======== Material shown ========

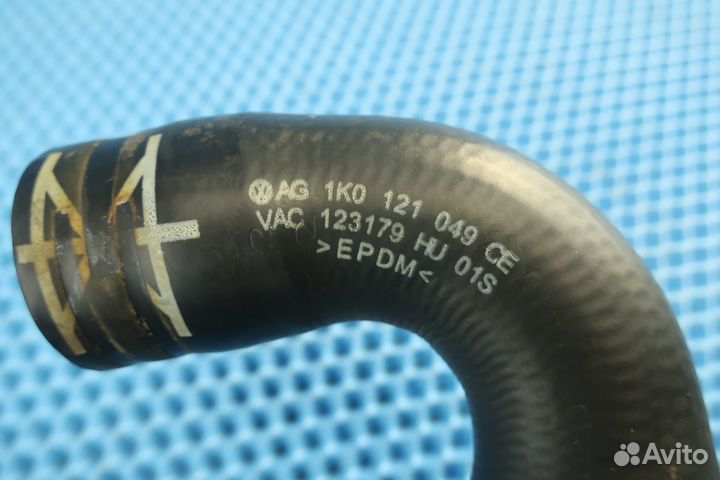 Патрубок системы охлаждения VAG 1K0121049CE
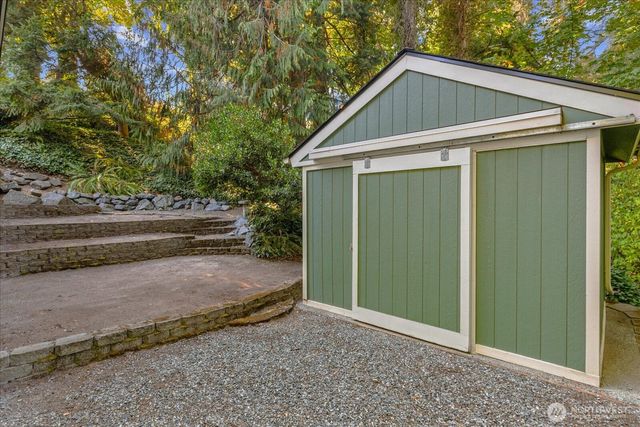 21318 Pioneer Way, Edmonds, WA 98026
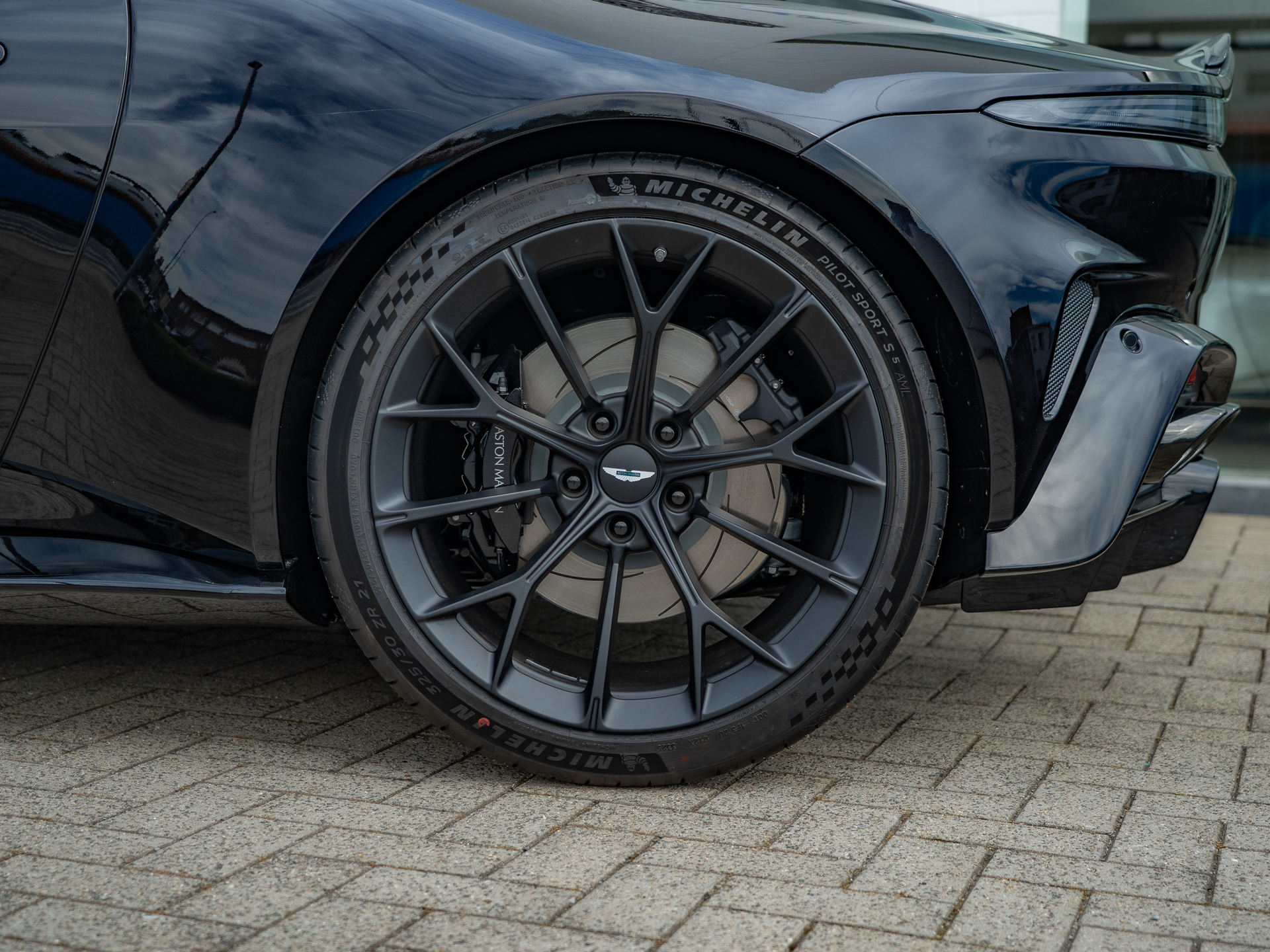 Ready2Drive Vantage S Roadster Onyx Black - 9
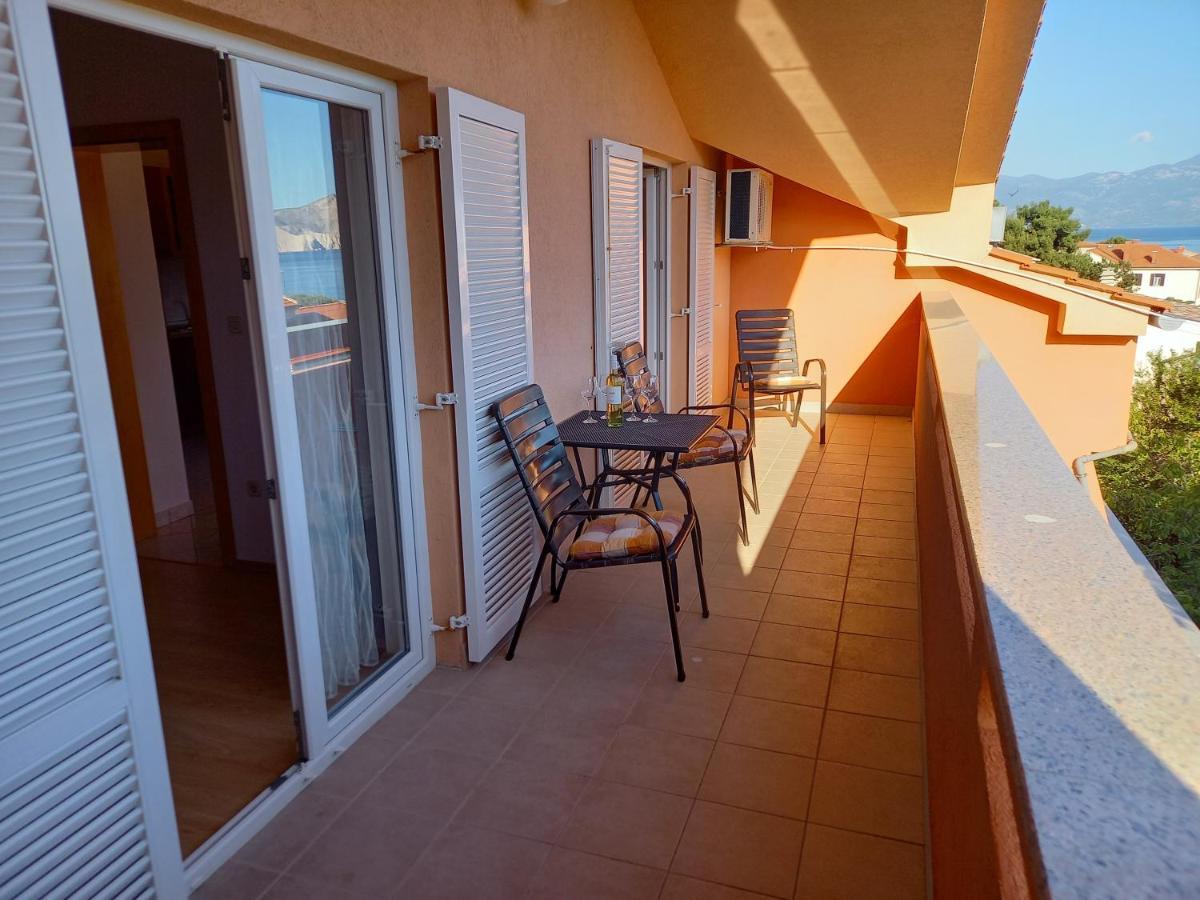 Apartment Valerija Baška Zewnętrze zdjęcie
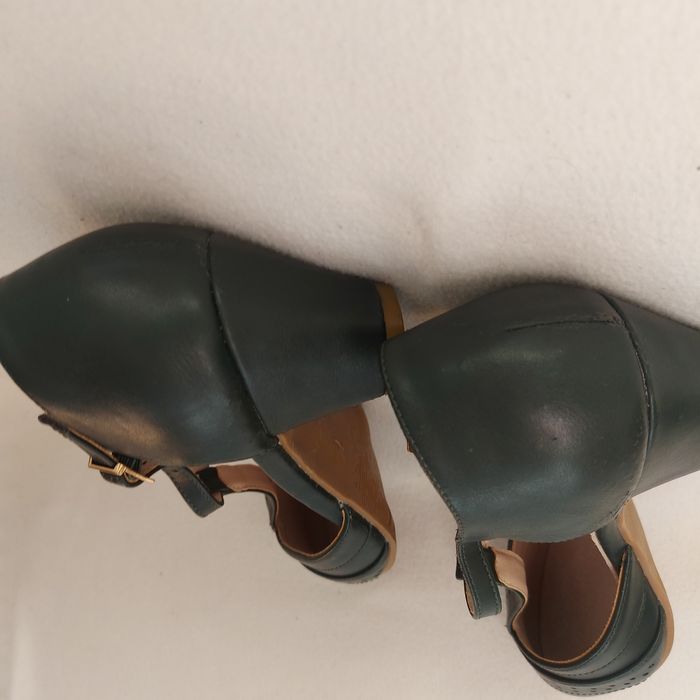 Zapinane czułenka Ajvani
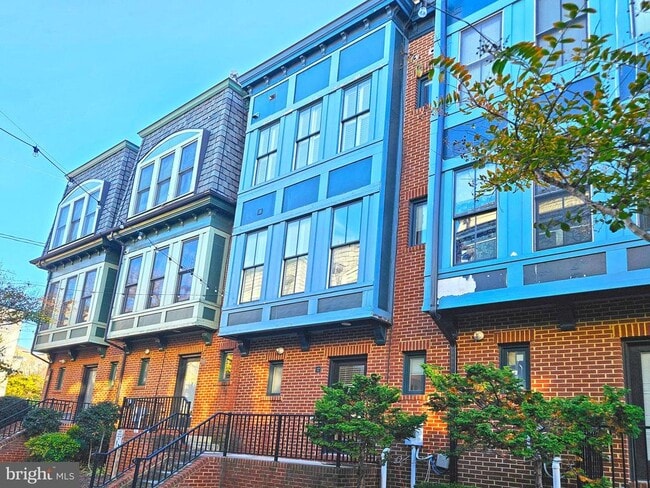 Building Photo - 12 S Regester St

========
======== Material shown ========

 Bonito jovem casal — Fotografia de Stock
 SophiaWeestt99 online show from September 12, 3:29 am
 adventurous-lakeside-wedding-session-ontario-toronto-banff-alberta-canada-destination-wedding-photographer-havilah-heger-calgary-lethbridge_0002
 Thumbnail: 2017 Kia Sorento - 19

========
======== Material shown ========

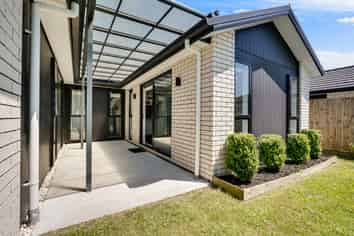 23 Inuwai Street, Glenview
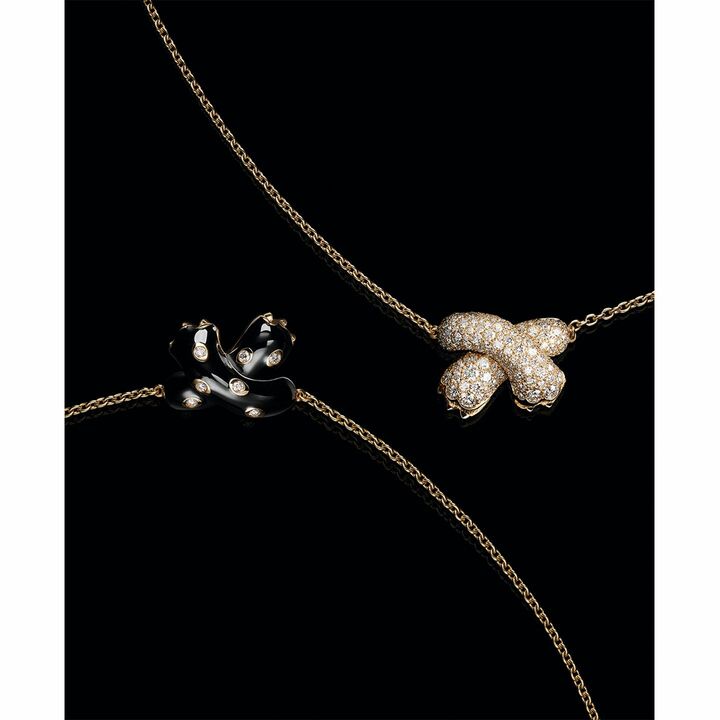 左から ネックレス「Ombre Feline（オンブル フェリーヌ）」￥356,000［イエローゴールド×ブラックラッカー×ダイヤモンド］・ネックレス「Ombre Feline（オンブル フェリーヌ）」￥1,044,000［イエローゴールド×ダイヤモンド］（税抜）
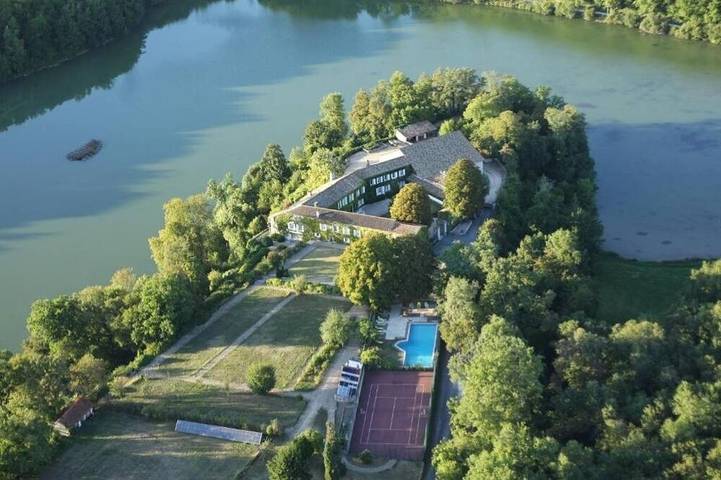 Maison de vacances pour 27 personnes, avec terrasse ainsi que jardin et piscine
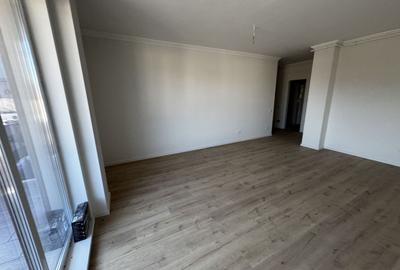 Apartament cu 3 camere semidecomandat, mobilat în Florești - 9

========

Task goal: Return the material from the line containing "23 Inuwai Street, Glenview" through the line containing "Apartament cu 3", exactly and in full, but without its pictures.

Answer to this problem:
 23 Inuwai Street, Glenview
 左から ネックレス「Ombre Feline（オンブル フェリーヌ）」￥356,000［イエローゴールド×ブラックラッカー×ダイヤモンド］・ネックレス「Ombre Feline（オンブル フェリーヌ）」￥1,044,000［イエローゴールド×ダイヤモンド］（税抜）
 Maison de vacances pour 27 personnes, avec terrasse ainsi que jardin et piscine
 Apartament cu 3 camere semidecomandat, mobilat în Florești - 9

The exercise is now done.